Ольга вынырнула с шумным вдохом, хватая ртом воздух. Вода стекала с ее волос и лица струйками, в которых растворялась дешевая краска с щек, оставляя на коже грязные разводы. Глаза ее расширились от шока.
– Ты... ты... – она задыхалась от возмущения, не в силах подобрать слов.
– Еще? – спокойно спросила я, готовая повторить процедуру. Не дожидаясь ответа, я уже положила ладонь ей на затылок.
В ответ мне послышались отборные ругательства, от которых, казалось, должен был покраснеть даже воздух вокруг нас.
Пришлось повторить процедуру еще трижды, прежде чем она перестала обкладывать меня неблагим матом. С каждым разом я держала ее под водой чуть дольше, наслаждаясь моментом справедливого возмездия. Навеное, в других обстоятельствах я бы даже испугалась этого садистского удовольствия, что разлилось во мне… Но не теперь.
Вода в бочке стала мутной от смытой с лица краски и грязи.
– Ты с ума сошла! – выкрикнула она, отступая от бочки, когда я, наконец, ее отпустила. Теперь она выглядела как мокрая крыса – жалкая, съежившаяся, с прилипшими к голове волосами. – Я пожалуюсь страже!
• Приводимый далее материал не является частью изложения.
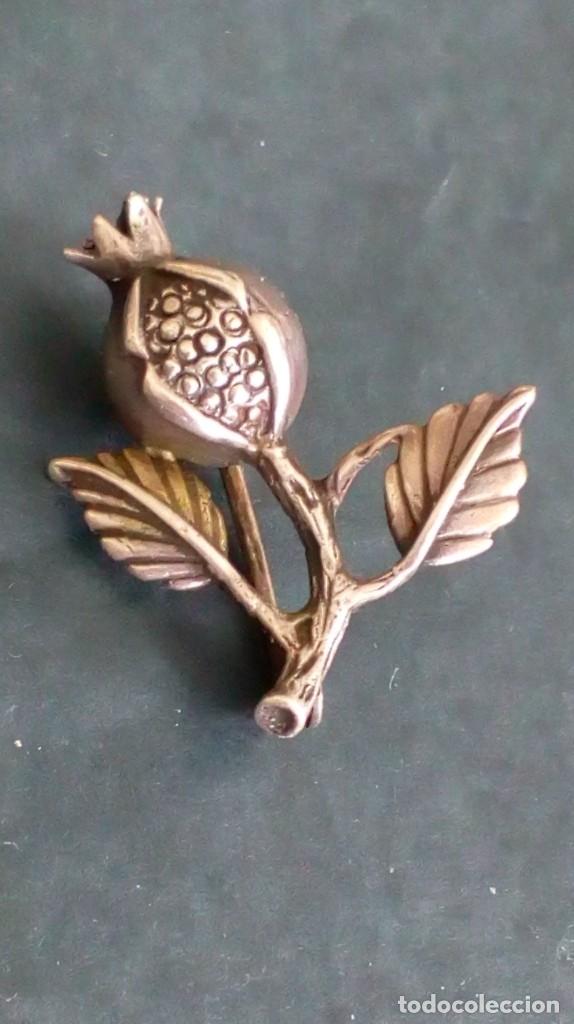 Joyeria: Broche de plata en forma de rama con granada - Foto 2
– На что? – усмехнулась я, чувствуя странное удовлетворение. Моя ладонь горела от ледяной воды, и я машинально вытерла руку о фартук. – На то, что я помогла вам умыться? Вы пришли в мой дом пьяная, грязная, оскорбляли меня и моего мужа, пугали наших детей. Если кто и должен жаловаться страже, так это я.
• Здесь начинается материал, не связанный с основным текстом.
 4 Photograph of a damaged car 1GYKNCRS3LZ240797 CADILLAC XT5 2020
Ольга замолчала, тяжело дыша. Теперь в ее глазах не было прежней пьяной наглости. Только испуг и затравленность. Холодная вода немного протрезвила ее. Во взгляде появилась осмысленность, которой не было раньше. Она обхватила себя руками, дрожа то ли от холода, то ли от страха.
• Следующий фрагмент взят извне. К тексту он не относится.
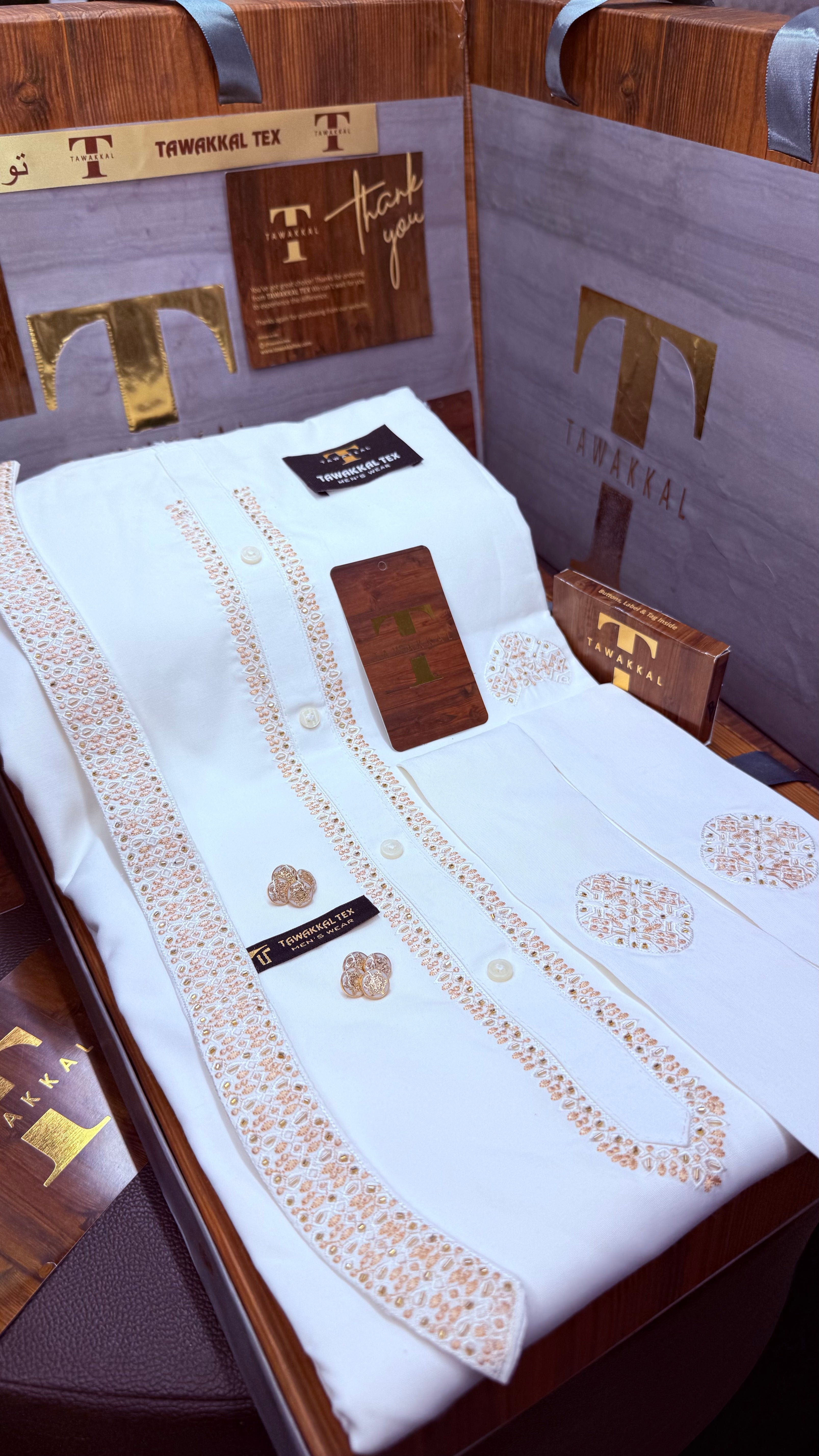 -SHAHENSHAH BOSKI WHITE ADVANCE TARKASHI EMBROIDERY UNSTICHED KURTA SALWAR PATHANI (TAWAKKAL TEX)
– Вот полотенце, – я бросила ей чистую тряпку. – Вытрите лицо и садитесь. Нам нужно поговорить.
К моему удивлению, она послушалась без пререканий. Вытерла лицо, оставив на белой ткани грязные разводы, отжала волосы и села на табурет у стола. Я села напротив, чувствуя, как во мне все еще клокочет гнев, но уже более контролируемый.
– Вы продали своих детей, – начала я без предисловий, глядя ей прямо в глаза. Каждое слово я выговаривала четко, чтобы до нее точно дошло. – Продали их за три тысячи золотых. Это не я говорю, это говорит мой муж, который и заплатил вам. И, судя по вашей реакции, это правда.
Ольга отвела взгляд, нервно теребя край полотенца.
– Нам нужны были деньги, – пробормотала она, не поднимая глаз. – Муж... он задолжал много.
– И поэтому вы решили продать детей? – в моем голосе сквозило такое презрение, что я сама себя не узнавала. – Не себя, не какое-то имущество, а своих детей?
– А что мне было делать?! – вдруг взорвалась она, ударив кулаком по столу так, что подпрыгнула стоявшая на нем миска. Ее глаза вспыхнули недобрым огнем. – Боди был наш единственный кормилец, а твой муженек хотел забрать его!
– Ему восемь лет! – теперь уже я повысила голос, наклонившись к ней через стол. Я чувствовала, как жар приливает к моим щекам. – В этом возрасте дети должны играть, учиться, расти, а не кормить своих никчемных родителей!
Ольга вздрогнула, словно я ударила ее. Ее плечи опустились, а во взгляде промелькнуло что-то, похожее на стыд. Но он быстро исчез, сменившись упрямством.
– Ты не понимаешь, – прошептала она, обхватив себя руками. С ее мокрых волос все еще капала вода, образуя лужицу на полу. – Ты не знаешь, как это – жить в постоянном страхе. Когда тебя могут убить в любой момент из-за долгов мужа.
– Нет, это вы не понимаете, – я подалась вперед еще немного, и заметила, как она инстинктивно отшатнулась. – Вы продали своих детей. Продали. За деньги. Как вещь. Как скот. Как... – я задохнулась от возмущения, чувствуя, как к горлу подступает ком. Перед глазами встали лица Боди и Каси, их испуганные глаза, когда они увидели мать. – И знаете, что самое ужасное? Вы даже не смогли правильно распорядиться этими деньгами! Вы их просто пропили, верно? И теперь пришли требовать детей обратно. Для чего? Чтобы снова продать?